--- RECORDS Enclosed Below ---
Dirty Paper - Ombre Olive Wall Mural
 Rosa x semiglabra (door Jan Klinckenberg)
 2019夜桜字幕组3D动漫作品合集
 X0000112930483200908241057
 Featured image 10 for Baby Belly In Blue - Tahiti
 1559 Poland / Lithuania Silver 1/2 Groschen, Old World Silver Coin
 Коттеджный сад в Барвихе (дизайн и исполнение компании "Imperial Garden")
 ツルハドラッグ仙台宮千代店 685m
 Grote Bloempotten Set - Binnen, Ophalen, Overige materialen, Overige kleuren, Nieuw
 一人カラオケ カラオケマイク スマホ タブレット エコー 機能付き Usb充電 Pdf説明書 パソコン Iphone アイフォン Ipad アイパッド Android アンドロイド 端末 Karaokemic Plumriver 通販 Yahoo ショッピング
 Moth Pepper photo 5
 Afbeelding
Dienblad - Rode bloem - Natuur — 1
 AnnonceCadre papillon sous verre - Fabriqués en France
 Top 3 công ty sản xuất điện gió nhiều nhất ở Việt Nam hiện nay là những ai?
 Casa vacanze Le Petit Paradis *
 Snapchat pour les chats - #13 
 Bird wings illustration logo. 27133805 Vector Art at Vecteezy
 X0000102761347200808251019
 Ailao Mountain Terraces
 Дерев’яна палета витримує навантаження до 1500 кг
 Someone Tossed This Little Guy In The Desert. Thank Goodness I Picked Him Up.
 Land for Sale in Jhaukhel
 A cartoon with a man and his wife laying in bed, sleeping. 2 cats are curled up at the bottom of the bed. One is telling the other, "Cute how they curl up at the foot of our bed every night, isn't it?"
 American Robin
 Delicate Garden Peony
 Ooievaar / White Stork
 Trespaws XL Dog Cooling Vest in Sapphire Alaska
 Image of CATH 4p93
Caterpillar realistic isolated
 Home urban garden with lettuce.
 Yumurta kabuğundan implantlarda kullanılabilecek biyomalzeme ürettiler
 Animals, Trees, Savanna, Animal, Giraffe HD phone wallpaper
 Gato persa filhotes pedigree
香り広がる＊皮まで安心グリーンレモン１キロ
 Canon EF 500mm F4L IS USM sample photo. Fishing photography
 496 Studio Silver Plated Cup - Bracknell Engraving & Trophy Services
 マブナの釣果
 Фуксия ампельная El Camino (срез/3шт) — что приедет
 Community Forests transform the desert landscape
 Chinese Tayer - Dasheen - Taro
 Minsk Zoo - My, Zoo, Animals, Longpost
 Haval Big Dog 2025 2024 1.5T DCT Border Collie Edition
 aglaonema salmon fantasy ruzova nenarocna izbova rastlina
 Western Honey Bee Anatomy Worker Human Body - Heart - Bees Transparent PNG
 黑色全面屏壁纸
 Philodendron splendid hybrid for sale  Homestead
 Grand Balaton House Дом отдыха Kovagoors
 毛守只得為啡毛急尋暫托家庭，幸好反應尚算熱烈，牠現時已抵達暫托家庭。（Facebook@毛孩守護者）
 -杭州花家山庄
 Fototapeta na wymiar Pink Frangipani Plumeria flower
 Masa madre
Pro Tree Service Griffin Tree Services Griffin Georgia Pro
--- End of Enclosed RECORDS ---
EXERCISE AIM - If the word "Silver" is on a line above, return that line.

ANSWER -
 1559 Poland / Lithuania Silver 1/2 Groschen, Old World Silver Coin
 496 Studio Silver Plated Cup - Bracknell Engraving & Trophy Services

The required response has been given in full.